Scoping Study - Future education and skills needs in the Irish maritime industry
Published on
Last updated on
Published on
Last updated on
In 2023, the Irish Maritime Development Office (IMDO), working on behalf of the Department of Transport, commissioned Steelesrock Strategy Consulting to undertake a scoping study on the future skills needs in the Irish Maritime industry. The study was completed in October 2024.
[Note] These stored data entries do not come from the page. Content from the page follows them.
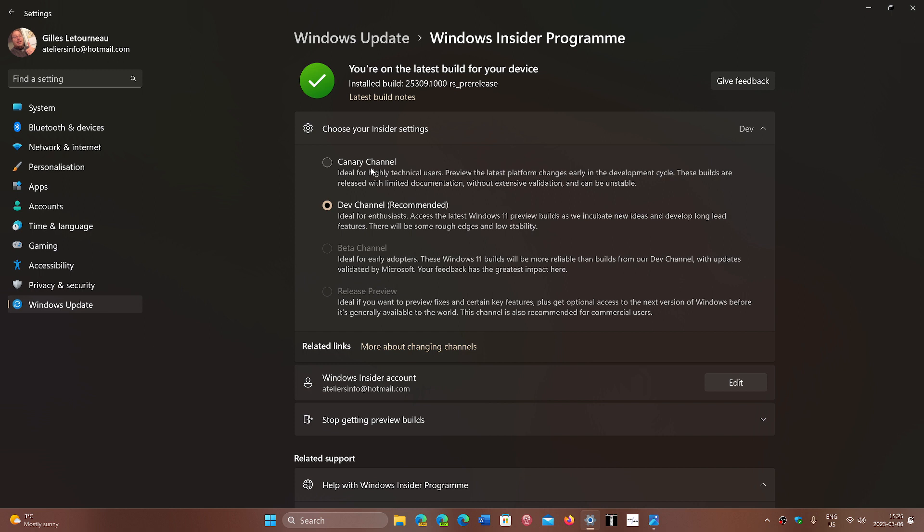For now, I'm not moving to Canary. I will keep this machine on Dev. Why? Because it's one of the main machines I use a lot, so I'll prefer the possibly a little more stable builds. We'll see what happens with Canary Channel over time. Who knows? Maybe I'll move on. So you'll have four choices now when you are on the Insider program.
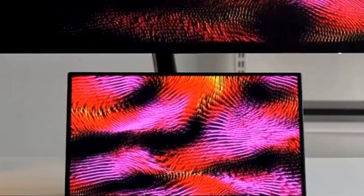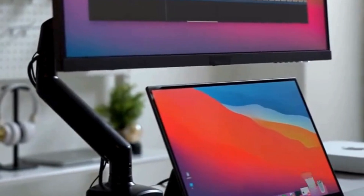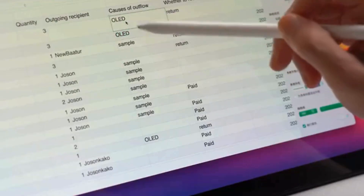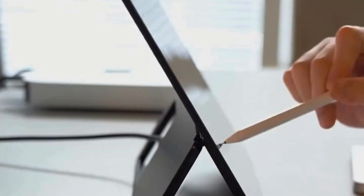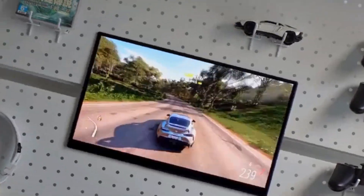Contrast ratio better than or equal to 50000 to 1. Panel type: OLED. Built-in speaker: Yes. Matrix color depth: 8-bit plus FRC. Screen surface: Glossy. Bracket type: Other. Screen curvature: None. High dynamic range: HDR10. Features: Speaker, Touch Screen, Vertical Mode. Response time: 1ms.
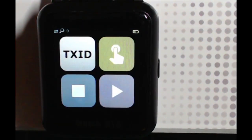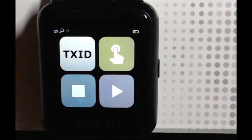On this page, there are four options: setting the transmitter ID, calibrating, stopping a sensor session, and starting a sensor session. Select the top left TX-ID button.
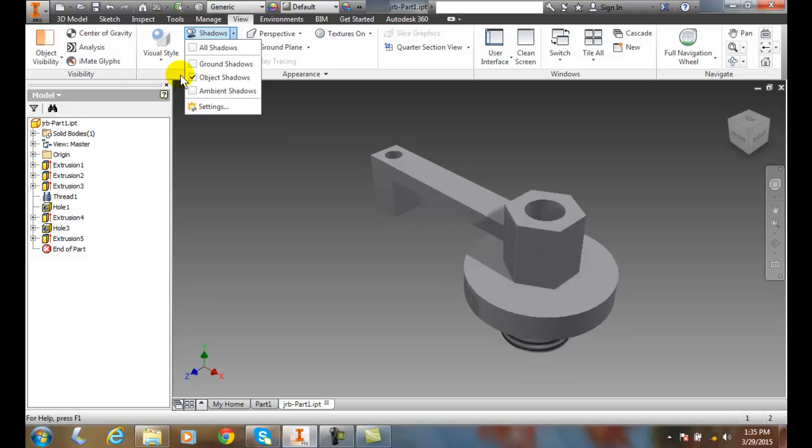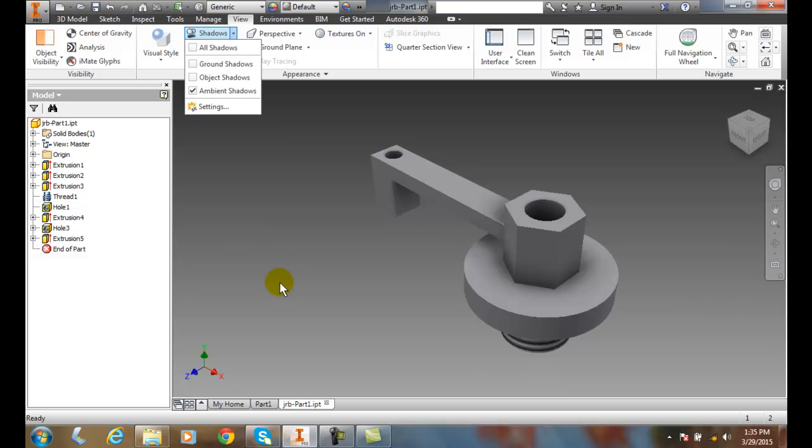When I go to ambient shadows, this is the reflected light. Ambient light is the reflected light in the room, and so you see that there's shadows here underneath and there's shadows here in the backside.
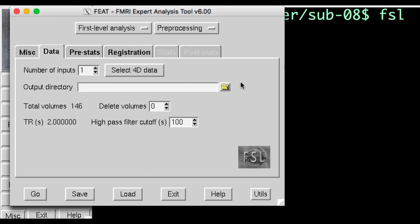When you click OK, you'll notice that some of the fields are filled in automatically. The TR and the total volumes in the data set are read from the image header. Make sure this matches up with the parameters you used to collect the data. If you aren't sure, ask your scan technician.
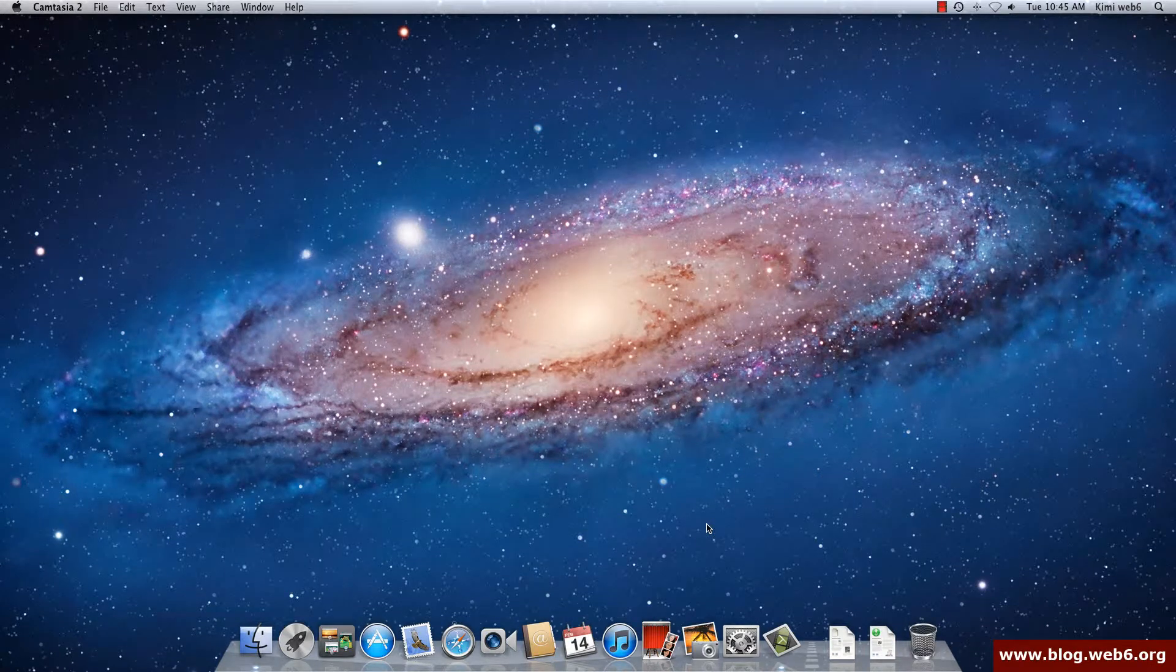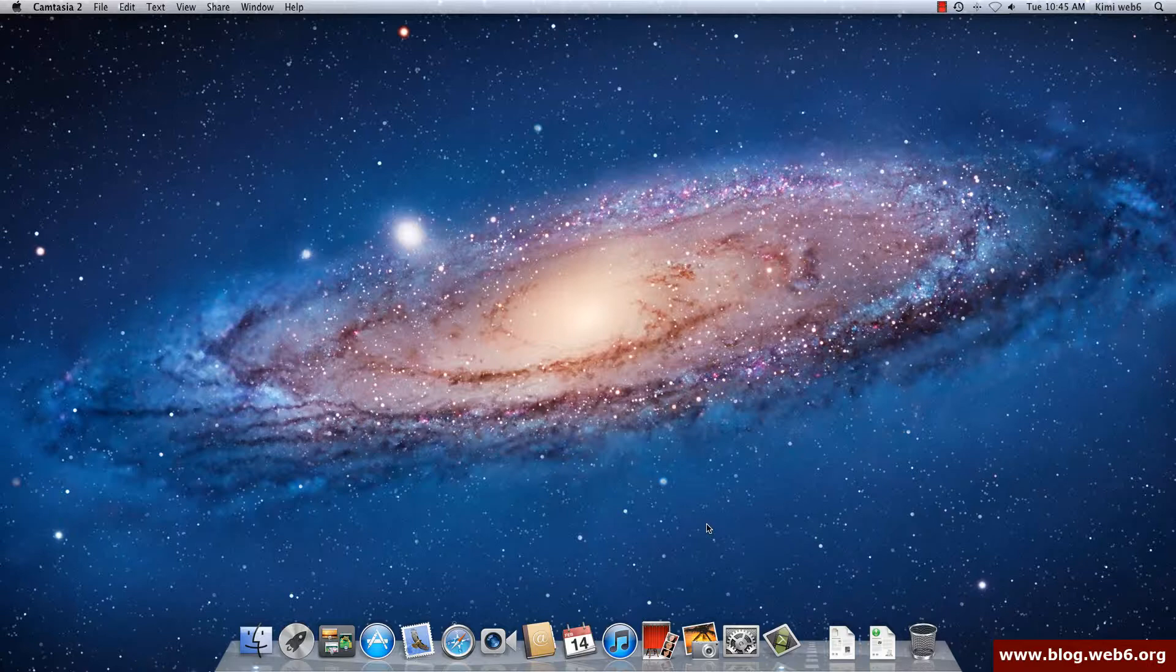Hey, welcome to blog.web6.org. In today's video, I'm going to create some videos if you are switching from a Windows-based computer to a Mac system. I found a lot of differences, some of them are bad and some of them are nice. I mean it's relative and personal preference, but there are some differences with the Windows computer and the Mac computer.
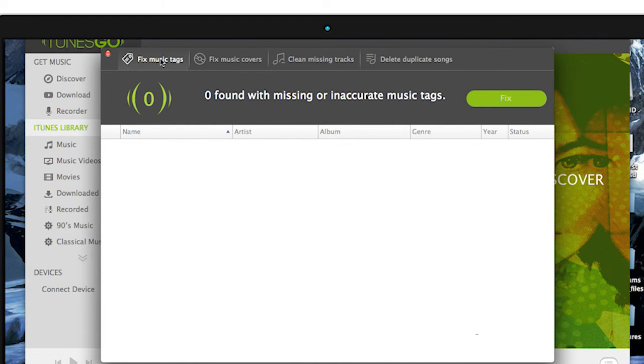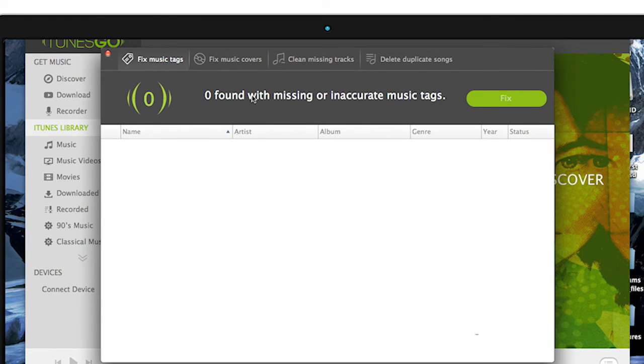If you have any missing or inaccurate tags that just say 'track,' TunesGo will go through the songs and rename all the tracks to the actual name of the songs, artist, and genre. All you have to do is click Fix.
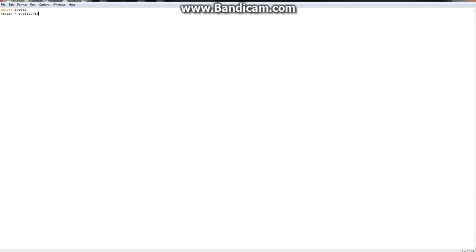First thing you need to do is import Piglet, of course, and then you're going to create kind of like a variable. It's not really a variable, though. You're just going to say Piglet dot window dot window.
The ‘Future Education and Skills Needs in the Irish Maritime Industry’ study focuses on possible future skills requirements of five sub-sectors of Ireland’s maritime economy, namely: Maritime Transport; Shipbuilding and Related Services; Offshore Renewable Energy and Alternative Fuels; Marine Tourism; and Maritime Monitoring, Security and Surveillance. The chosen time horizon for the study was approximately 10 years hence. This study brings together the results, conclusions and recommendations following on from analysis of an industry wide survey of these five sub-sectors.
Notes :
It is crucial that Ireland has a highly skilled workforce armed with the tools needed to adapt to the evolving economic and technological landscape in the maritime industry.
In 2015 ‘A Study of the Current and Future Skills Requirements of the Marine/Maritime Economy to 2020’ was published by the Department of Jobs, Enterprise and Innovation, Expert Group on Future Skills Needs (see below).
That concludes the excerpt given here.